▶ [Task to complete] Please restate, word for word, the lines below that begin at the one with "Кроссовки shoes sports" and end at the one with "Kauwtabletten – Hond-9". Leave out all other lines.

▶ [Source material]
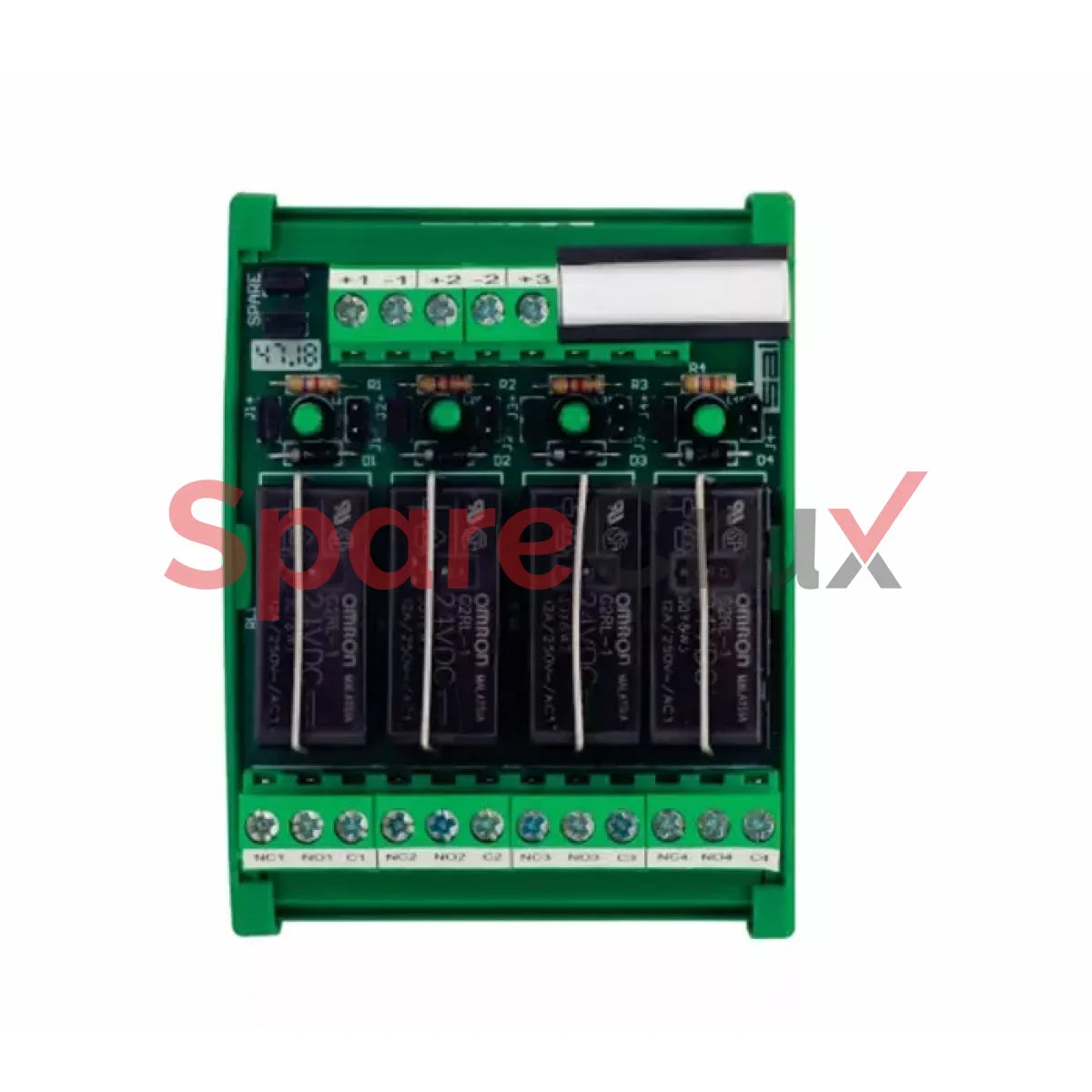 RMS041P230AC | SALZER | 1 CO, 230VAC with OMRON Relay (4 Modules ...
---
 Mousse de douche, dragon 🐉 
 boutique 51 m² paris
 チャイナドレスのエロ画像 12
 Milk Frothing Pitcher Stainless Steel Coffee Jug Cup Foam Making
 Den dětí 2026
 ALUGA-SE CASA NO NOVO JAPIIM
...
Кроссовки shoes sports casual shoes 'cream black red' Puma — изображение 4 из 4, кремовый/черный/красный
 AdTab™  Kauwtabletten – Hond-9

▶ [Output]
Кроссовки shoes sports casual shoes 'cream black red' Puma — изображение 4 из 4, кремовый/черный/красный
 AdTab™  Kauwtabletten – Hond-9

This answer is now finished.